→ Data:
*** Begin section ***

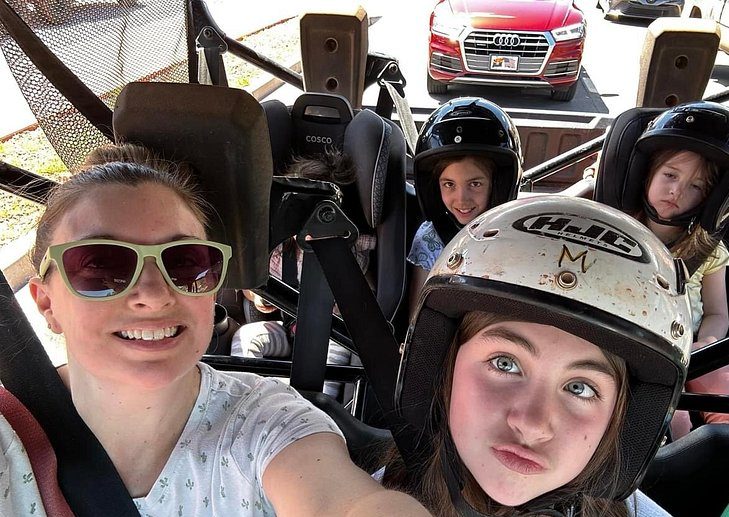 a family photo in a UTV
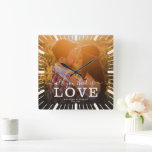 Modern Chic Wedding All you need is Love Photo<br><div class="desc">Forget the cliché chocolates, honey! Spice up your Valentine's with a clock that sings "All You Need is Love" in modern style! Picture your dreamy wedding pic surrounded by sleek lines and cool fonts, whispering sweet nothings every hour. It's a love story frozen in time, adorning your wall instead of...</div>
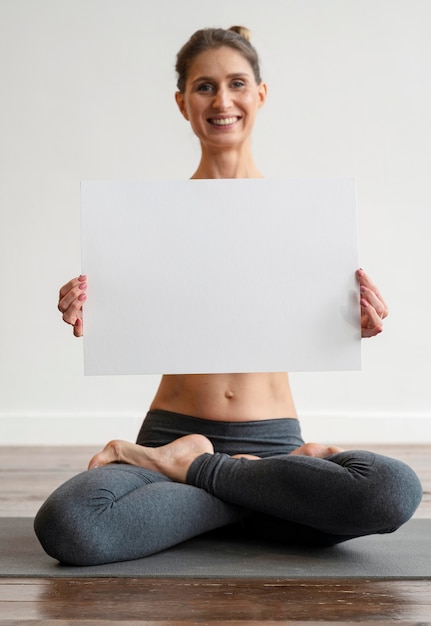 Photo gratuite femme exerçant le yoga et tenant une pancarte vierge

*** End section ***

→ What you should do:
Print the preceding material over again exactly. Please leave the pictures out.

→ Completed exercise:
 a family photo in a UTV
 Modern Chic Wedding All you need is Love Photo<br><div class="desc">Forget the cliché chocolates, honey! Spice up your Valentine's with a clock that sings "All You Need is Love" in modern style! Picture your dreamy wedding pic surrounded by sleek lines and cool fonts, whispering sweet nothings every hour. It's a love story frozen in time, adorning your wall instead of...</div>
 Photo gratuite femme exerçant le yoga et tenant une pancarte vierge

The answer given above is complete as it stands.